Prosperity Mzila Correspondent
The world has truly become a global village, where almost everything that happens in one country has an effect all over the world. The physical borders that previously separated the states and supposedly provided “security” from possible invasions from other nations have been “removed” so to speak. The physical borders no longer suffice as bulwarks from outside influence or invasions, rendering them useless.

This phenomenon called social media has opened wide the issues of all nations and laid them bare for all nations to participate in the affairs of other nations like vultures feasting and de-fleshing the carcases of a dead animal leaving only the bare bones.

As issues are thrown into the social media space, different nations and their nationals receive these messages and react differently to the messages depending on the culture embedded in them. Zimbabweans are a peaceful people, who even as they are bombarded with different social media messages instigated for purposes of causing civil discord, they choose peace, hard work and progress.

National cultures are different and they react differently to information as evidenced by the latest spate of events, where the people of Tswane in South Africa have revolted to a point of burning buses over a mayoral candidate that has been chosen by the ruling party for their local elections due in August. Zimbabwe has had different mayors at Town House with the current Mayor Bernard Manyenyeni on suspension even as we speak, but our culture is not one to go and throw stones at buses that have come with business people from foreign lands. For us foreigners are a source of foreign currency income and we handle them like kings. The burning of buses in protest is not Zimbabwean. Our culture is of progress and of a sound mind, where issues are solved amicably at the table by way of negotiation. Thank God, Zimbabwe is a peaceful nation that is neither moved nor perturbed by the reactions of other nations on how to deal with issues.

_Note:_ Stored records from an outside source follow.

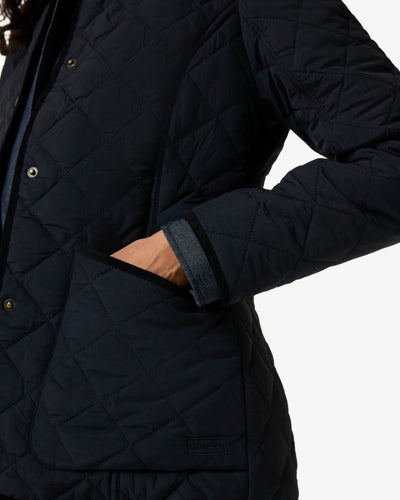 Hunter Originals Womens Fitted Quilted Jacket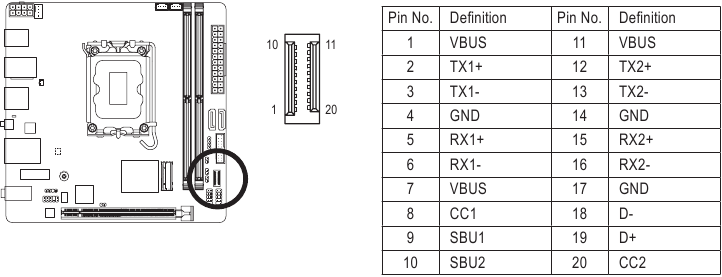 GIGABYTE - B760I AORUS PRO - F_U32CG (USB Type-C Header, with USB 3.2 Gen 1 Support) F_U32CG (USB Type-C Header, with USB 3.2 Gen 1 Support)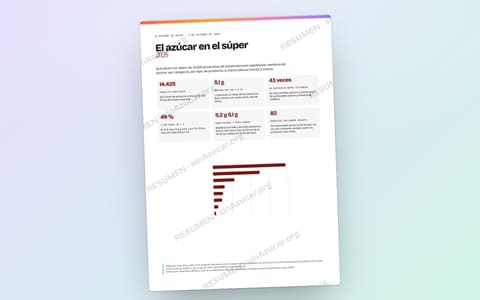 La portada del informe «El azúcar en el súper 2026».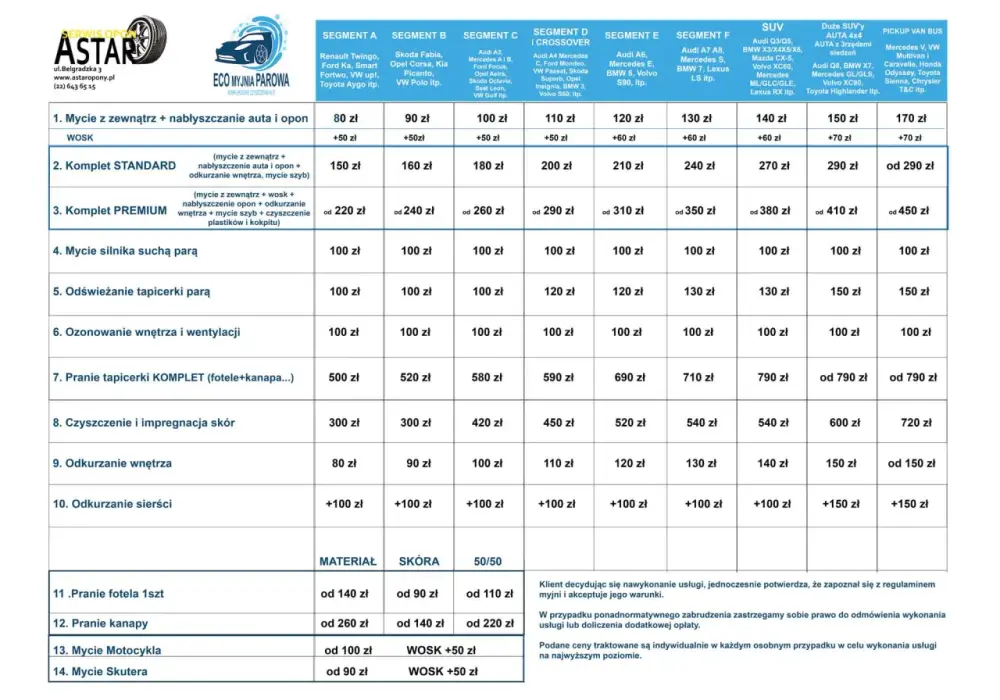 Cennik myjni MOL - Sprawdź ceny programów i sposób na 30% rabatu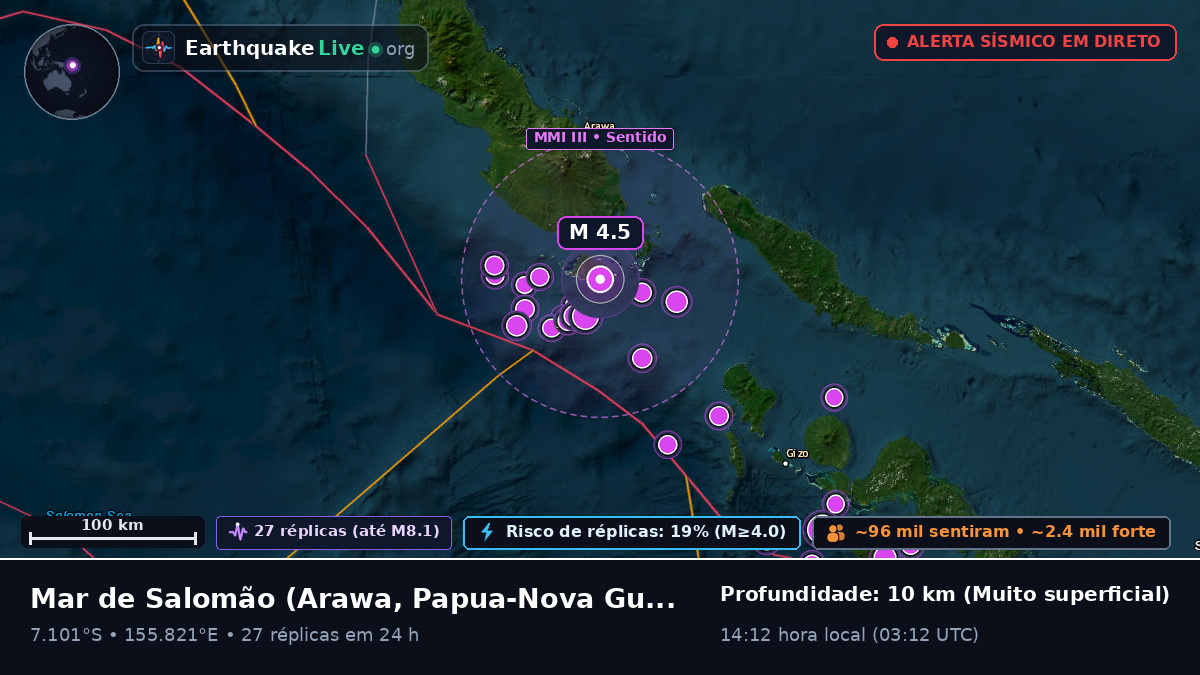 Mar de Salomão (Papua-Nova Guiné)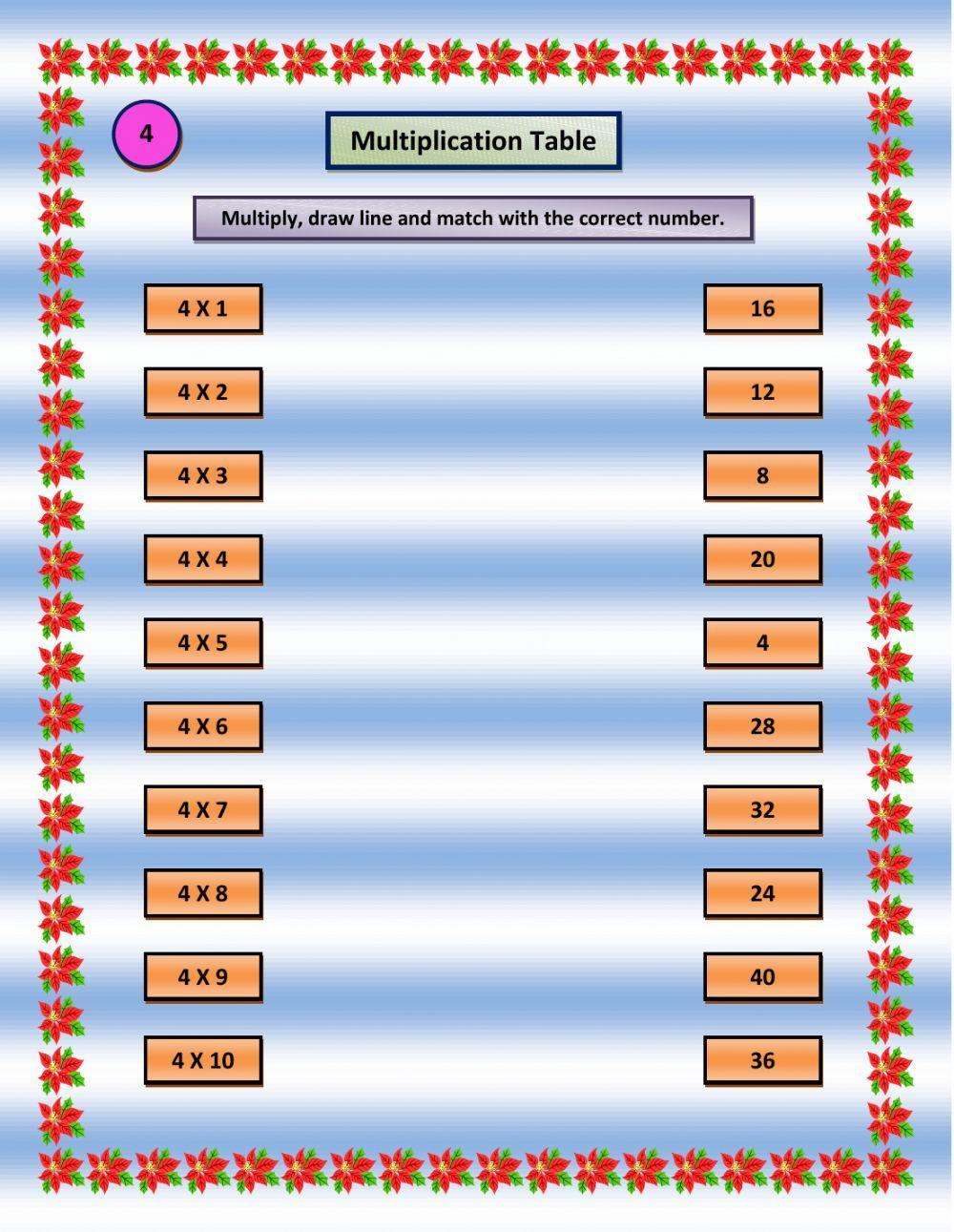 Multiplication Table : 4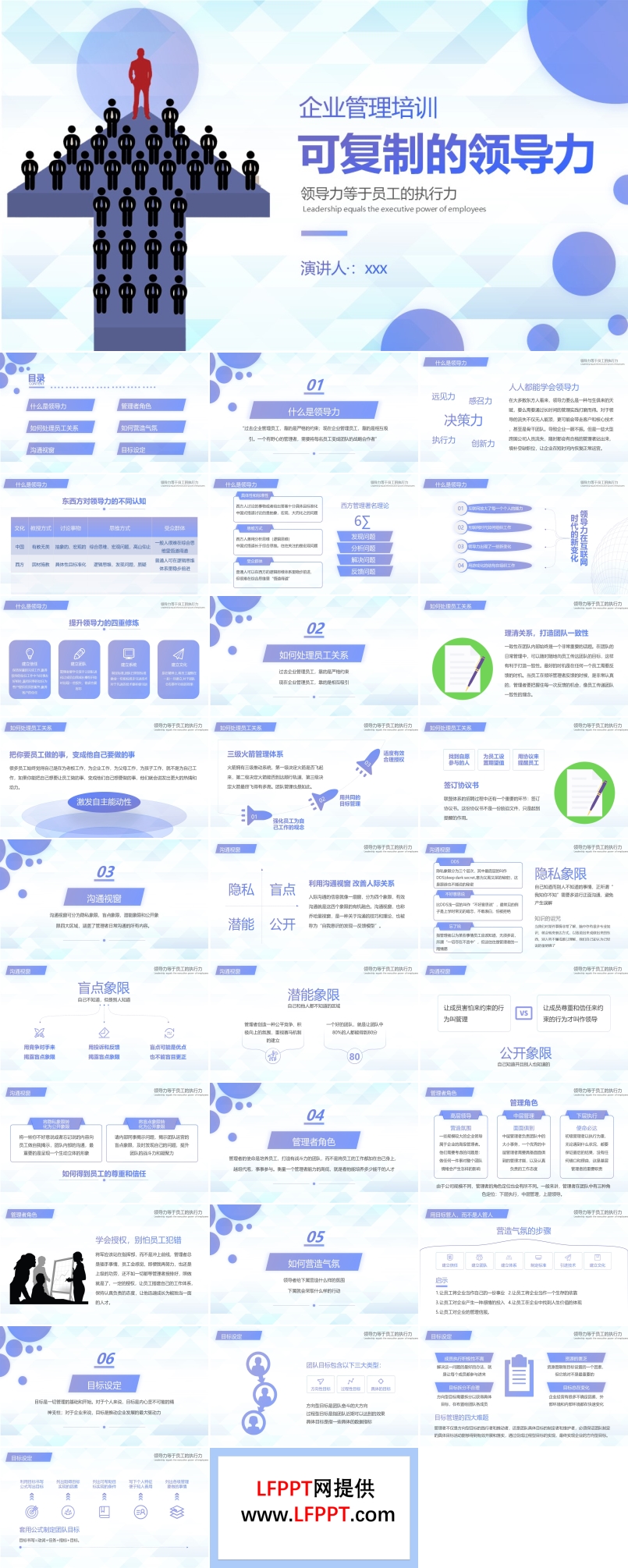 可复制的领导力培训PPT模板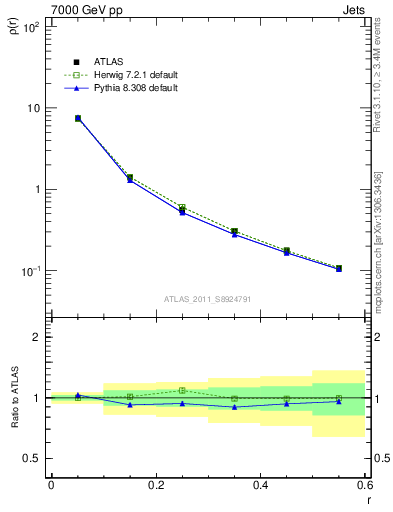 Plot of js_diff in 7000 GeV pp collisions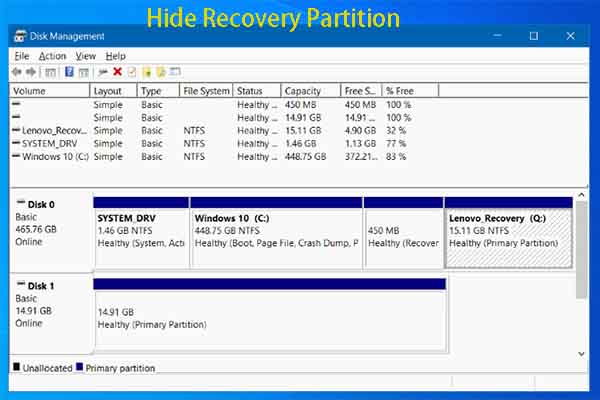 3 Effective Ways to Hide Recovery Partition on Windows 10/11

True we have a cash crisis in Zimbabwe and so far the issue has been handled admirably, thanks to the Reserve Bank of Zimbabwe Governor Dr John Mangudya and other stakeholders, people have been educated on how to go around their normal bill payments.

Use of plastic money has made everything so much easier, carrying large amounts of money risking being robbed is a thing of the past. People are adapting and all is working well. However, by mid-day Monday the phones were beeping off the hook, with notifications of a burning POSB Masvingo bank apparently set alight by clients disappointed at not accessing their cash. As usual, it was a malicious falsehood and Zimbabweans treated it like the joke it was, copied, pasted and forwarded to the next person/group and the day progressed without anyone thinking about it twice.

If it was South Africa on the other hand, buildings and cars would have been burnt and people killed or maimed.

The inter-connectedness of the globe has promoted the prying eyes of the bully nations and hyped their interests and their eyes are prying more on the resources of the different nations.

They are drooling over the richness of what they see and want everything and will do anything to have access to the resources of the different nations; greed controls them and they feel they can start a brawl with any nation by using the “hard beans” to blow issues out of proportion and in making a mountain out of a molehill. These people should go back to the drawing board, because Zimbabweans cannot be moved by issues that are peddled through the social media. Zimbabweans are just not a violent people and they will not be used like puppets in a show to destroy their inheritance, while some bully from the West siphons their natural resources and treasures that are still being discovered even to this day.

As messages go back and forth on the social media networks, it has enabled not just a sneak peek into the affairs of other nations, but has also been used as conduit of lobbying peoples of the different nations to rise against their own governments to causs unrest, thereby destabilising the smooth flow of the nations’ affairs. Egypt, Tunisia, Libya and Syria are all casualties of social media, as they embraced and put their faith in the new warfare weapon.

If these countries were to be given another chance to do it all over again, they would definitely have a different perspective about the use of social media in their respective nations, as Libya today lies in ruins since the fall of Muammar Gaddafi.